Bunnell Test (or Bunnell Littler Test) is used to determine whether flexion restriction of the proximal interphalangeal joint PIP is due to tightness of the intrinsic muscles or due to a restriction of the metacarpophalangeal joint capsule.
See Also: Elson test
See Also: Hand Anatomy
How is Bunnell Test Performed?
This test is done in two stages, metacarpophalangeal joint MCP extension and flexion:
- The metacarpophalangeal joint is stabilized in extension and the proximal interphalangeal joint is tried to flex and the degree of flexion is noted.
- Then the metacarpophalangeal joint is flexed and again the degree of flexion of proximal interphalangeal joint is noted.
What does a positive Bunnell Test mean?
We differentiate 3 cases:
- If the PIP flexion is increased, the pathology is intrinsic muscle contracture (Intrinsic tightness) as the intrinsic get released on MCP flexion.
- If the PIP flexion is decreased, the pathology is extensor tendon contracture (extrinsic tightness) which is stretched further on MCP flexion.
- If the PIP flexion is the same in both situations, the pathology is articular changes such as joint stiffness, tendon adhesions, and tenosynovitis
Increased pressure in the fascial compartments of the hand produces a typical deformity with slight flexion in the metacarpophalangeal joints, extension in the proximal and distal interphalangeal joints, intensification of the transverse arch of the hand, and adduction of the thumb (intrinsic plus deformity).

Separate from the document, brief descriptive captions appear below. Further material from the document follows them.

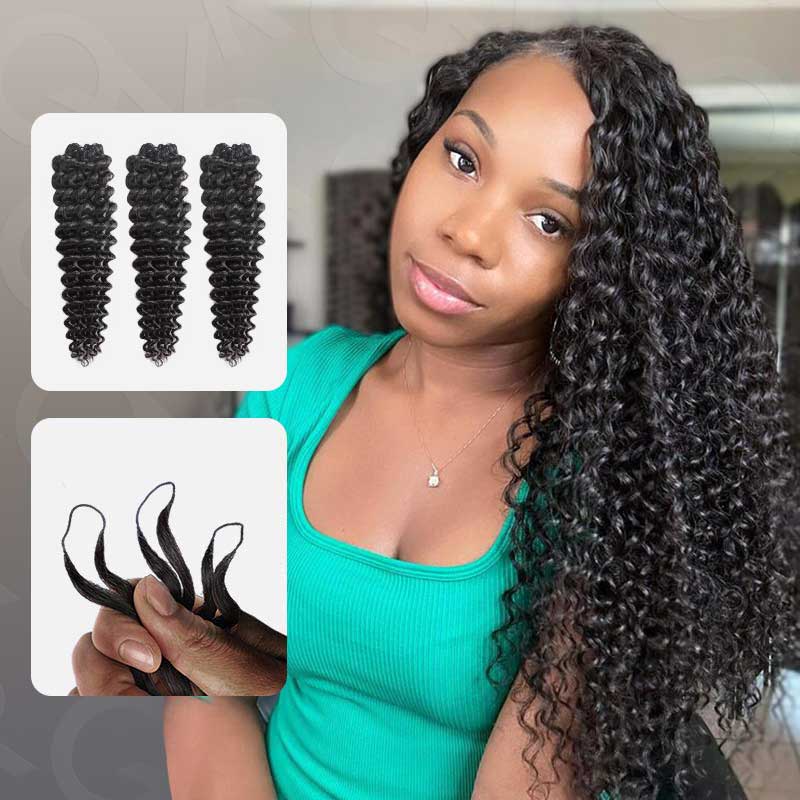 QVR Seamless Deep Curly Handmade Feather Crochet Braid Natural Black Human Hair Extensions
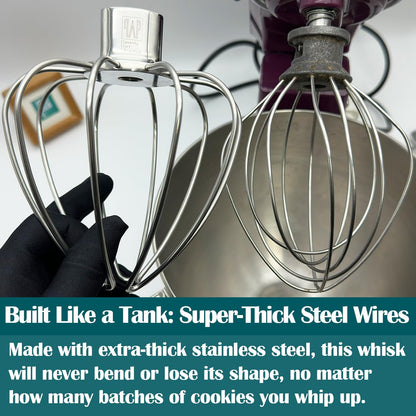QAP Stainless Steel Wire Whip Fits KitchenAid 4.5 5 QT Tilt Head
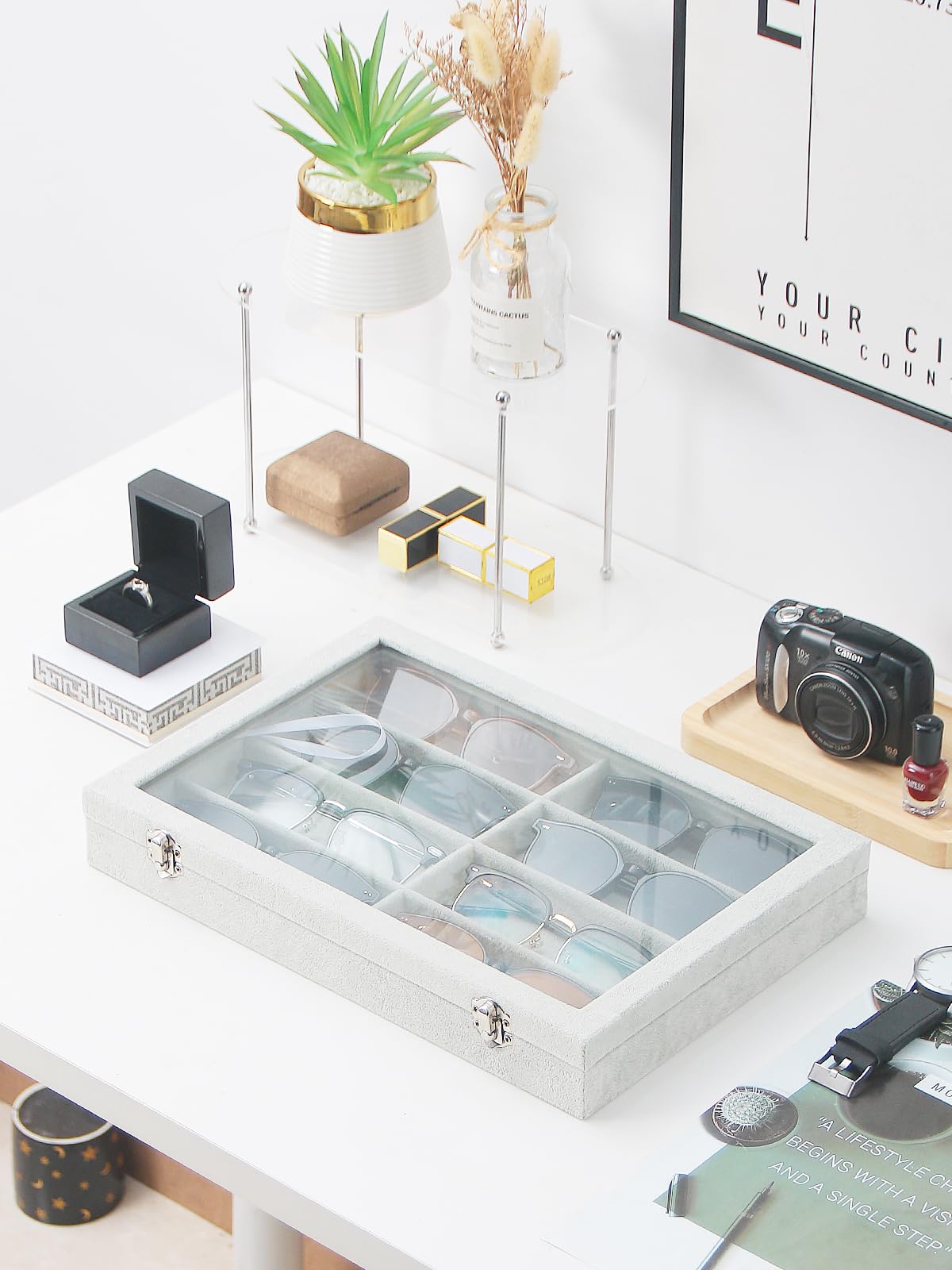 Bandeja organizadora de gafas de sol para joyas, caja de terciopelo gris para gafas, organizador de gafas para escritorio en casa o exhibición de espectáculos de ventas (con tapa)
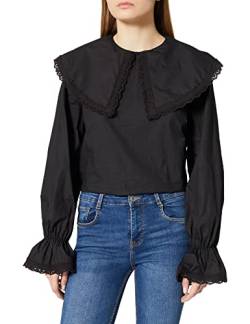 NA-KD Damen Oversized Collar Blouse Bluse, Schwarz, 32 EU von NA-KD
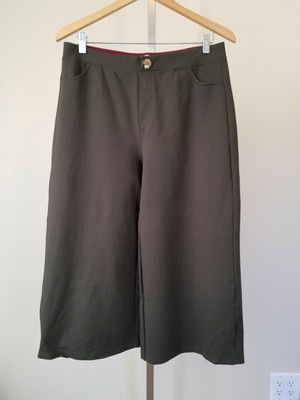 Patrizia Luca Milano Womens Green Cropped Wide Leg Pants Size XL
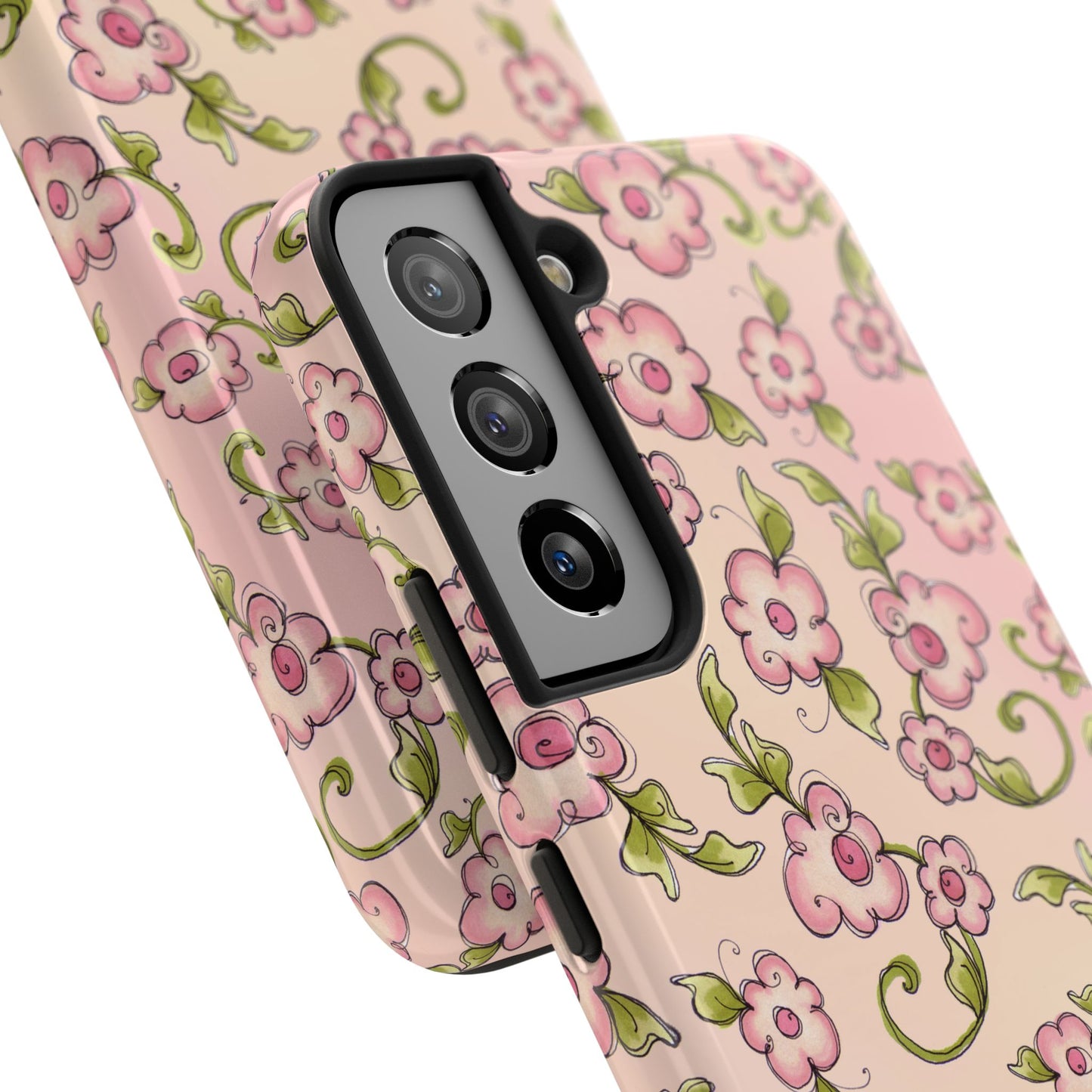 Scroll Daisies Peach / Peach Phone Case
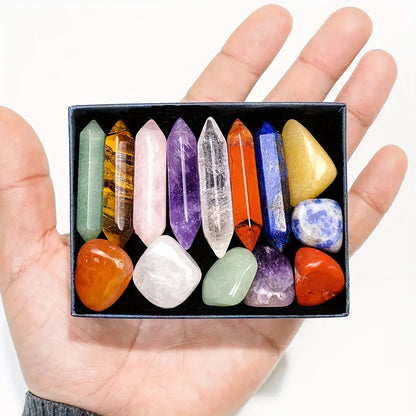 14PCS Chakra Crystal Pillar Set for Yoga and Energy Healing Decor 14PCs
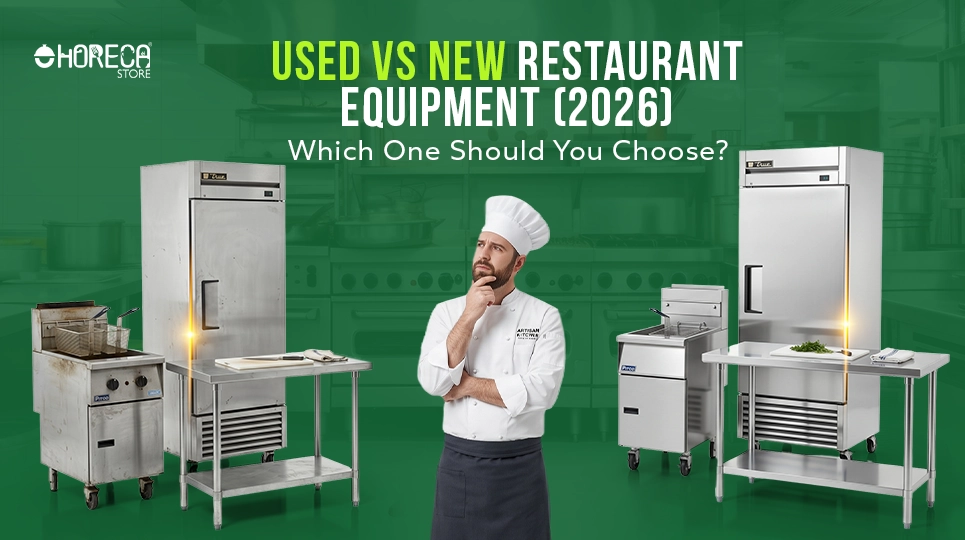 Used vs new restaurant equipment comparison 2026 – chef evaluating commercial kitchen appliances including refrigerators, prep tables, and fryers for cost and performance decisions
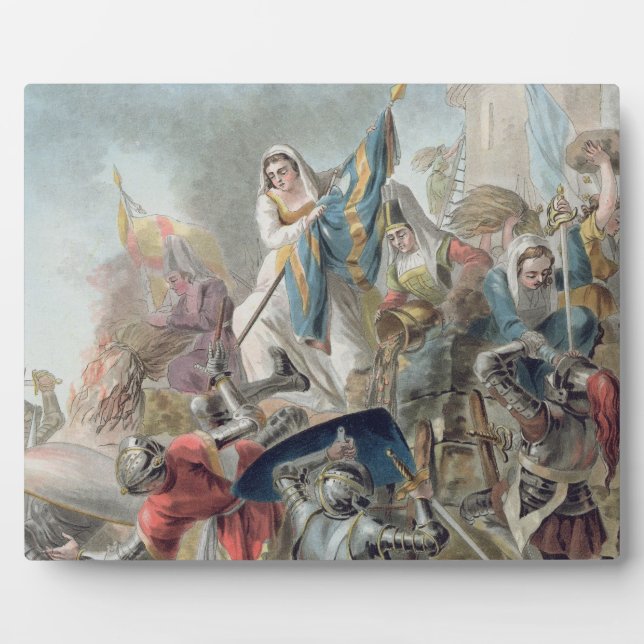 Placa Expositora Jeanne Laisne alza un estándar contra los hombres  (Frente)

See Also: Flexor Tendon Injury of the Hand
Haines Zancolli test
The Haines Zancolli test is used to determine whether restricted flexion in the Distal interphalangeal joints (DIP joints) is due to a restriction of
the PIP joint capsule or tightness of the oblique retinacular ligament. The test for a contracture of this ligament is the same as the Bunnel Littler test, only at the PIP and DIP joints.
The clinician positions and holds the PIP joint in a neutral position with one hand and attempts to flex the DIP joint with the other hand. If no flexion is possible, it can be due to either a tight retinacular ligament or capsular contraction.
The PIP joint is then slightly flexed to relax the retinacular ligament. If the DIP can now flex, the restriction is due to tightness in the retinacular ligament. If the DIP cannot flex, then the restriction is due to a capsular contraction.
The Haines Zancolli test is helpful to aid in a decision of either conservative or surgical treatment. A positive Haines Zancolli test result equates poor outcome with conservative treatment.